Mongabay.co.id

Bandara Yogyakarta Baru di Wilayah Rawan Bencana, Bagaimana Upaya Mitigasi? (Bagian 2)

Foto: Tommy Apriando

 

 

 

 

Ada potensi tsunami dengan tinggi gelombang 10-15 meter di bibir pantai yang berjarak 300 meter dari area landas pacu New Yogyakarta International Airport (NYIA), terutama jika terjadi gempa megathrust dengan magnitude 8,5-9 SR. Begitu penelitian Widjo Kongko, selaku perekayasa di Badan Pengkajian dan Penerapan Teknologi (BPPT) soal potensi gempa bumi dan tsunami di laut selatan dekat NYIA.

Untuk itu, perlu ada kepastian pembangunan infrastruktur penghalang tsunami untuk mengantisipasi potensi tsunami dengan ketinggian 10 hingga 15 meter di bibir Pantai Kulon Progo.

Baca juga: Potensi Tsunami Besar di Laut Selatan Jawa, Widjo: Siapkan Mitigasi (Bagian 1)

Rahman Hidayat, Asisten Deputi Bidang Infrastruktur Pelayaran, Perikanan dan Kepariwisataan Kementerian Bidang Maritim, mengatakan, pemerintah telah menyusun masterplan pengurangan risiko bencana tsunami.
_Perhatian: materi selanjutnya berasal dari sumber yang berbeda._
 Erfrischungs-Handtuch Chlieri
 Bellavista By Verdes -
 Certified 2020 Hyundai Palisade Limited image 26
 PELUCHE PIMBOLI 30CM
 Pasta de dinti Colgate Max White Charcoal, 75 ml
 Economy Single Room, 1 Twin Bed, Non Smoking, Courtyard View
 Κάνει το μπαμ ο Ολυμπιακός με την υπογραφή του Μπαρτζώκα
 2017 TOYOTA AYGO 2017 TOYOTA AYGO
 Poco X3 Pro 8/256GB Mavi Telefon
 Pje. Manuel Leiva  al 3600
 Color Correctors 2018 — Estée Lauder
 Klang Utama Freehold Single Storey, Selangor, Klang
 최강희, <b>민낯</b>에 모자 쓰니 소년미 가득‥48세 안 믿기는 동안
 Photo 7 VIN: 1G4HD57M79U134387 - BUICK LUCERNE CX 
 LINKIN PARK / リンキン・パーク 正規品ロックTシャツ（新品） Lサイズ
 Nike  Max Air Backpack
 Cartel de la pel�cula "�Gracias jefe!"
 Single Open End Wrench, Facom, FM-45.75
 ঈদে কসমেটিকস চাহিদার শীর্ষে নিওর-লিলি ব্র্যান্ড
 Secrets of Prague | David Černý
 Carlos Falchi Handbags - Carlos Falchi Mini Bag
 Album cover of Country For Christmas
Bahkan pada 2012 hingga 2017, sudah ada diskusi kelompok terfokus terkait bandara NYIA. Para pakar tsunami telah mengingatkan ancaman potensi tsunami, tetapi kesadaran mitigasi gempa dan tsunami minim. Rencananya, NYIA beroperasi April tahun ini.

“Anggaran khusus untuk mitigasi bencana ini tak ada, adanya alokasi dana rekontruksi dan rehabilitasi pasca bencana,” katanya di Yogyakarta, seraya bilang, anggaran mitigasi bencana di Indonesia, belum masuk APBN.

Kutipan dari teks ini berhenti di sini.